Nice idea! Em dashes were giveaways for AIs and typos for human, at least in the ones I did, so those are at least trivial. So might have to do some filtering at least for those.
Some were hard though, yeah (at least if not looking longer than 5-10 seconds). Btw, it seemed more logical to me to just see a green/red card when you click, i.e. right choice or wrong choice. Getting red for the correct answer confused me a bit (but this might just be me).
Also for example this one has a giveaway for the human case: "There are lots of great people here at /r/personalfinance" (actually, not sure if that is a giveaway, that was my guess, but depends on how the model was prompted, I guess).

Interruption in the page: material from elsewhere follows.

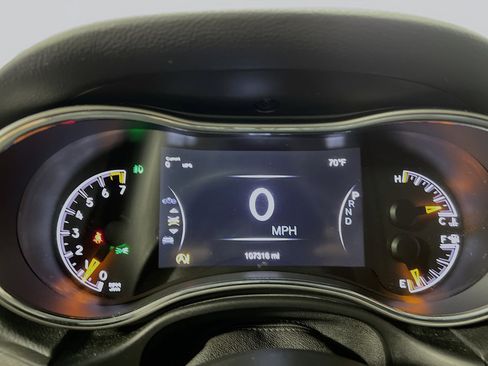 Used 2018 Jeep Grand Cherokee Limited image 21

And human ones often seem to have two spaces sometimes instead of one, idk why. If you want to get a serious dataset, maybe you could use this one to find all the flaws and perfect it, and then try to get a real dataset from the next one? People will be more eager to help too if they've seen you designed it all very carefully. (Or you could filter the results from this one to make it a good dataset if you get lots of responses.)
You'd be surprised at the nuances we tend to miss :)
This time around I prompted the models not necessarily to be adversarial - i didn't ask them to try and fool the reader. But i gave them contextual info - something to the effect of "you're a user posting on hacker news"
True, if you look for all "obvious patterns" and filter those out of the dataset, not much will be left probably. Maybe the best is then to just publish as complete a dataset as possible, so all questions, all user answers, for each user the nr of questions they did, time for each question, etc. Then people using that dataset can draw their own conclusions.
Thanks for checking it out! The color signal is useful feedback. Let me think about it and rework!
Yeah there are some very obvious tells, but the models that are most capable are very good at writing like human.
Especially when the human responses for reddit or HN prompts were presumably made after reading the content of the article or the post; whilw the model is simply going off of the title.
Some were hard though, yeah (at least if not looking longer than 5-10 seconds). Btw, it seemed more logical to me to just see a green/red card when you click, i.e. right choice or wrong choice. Getting red for the correct answer confused me a bit (but this might just be me).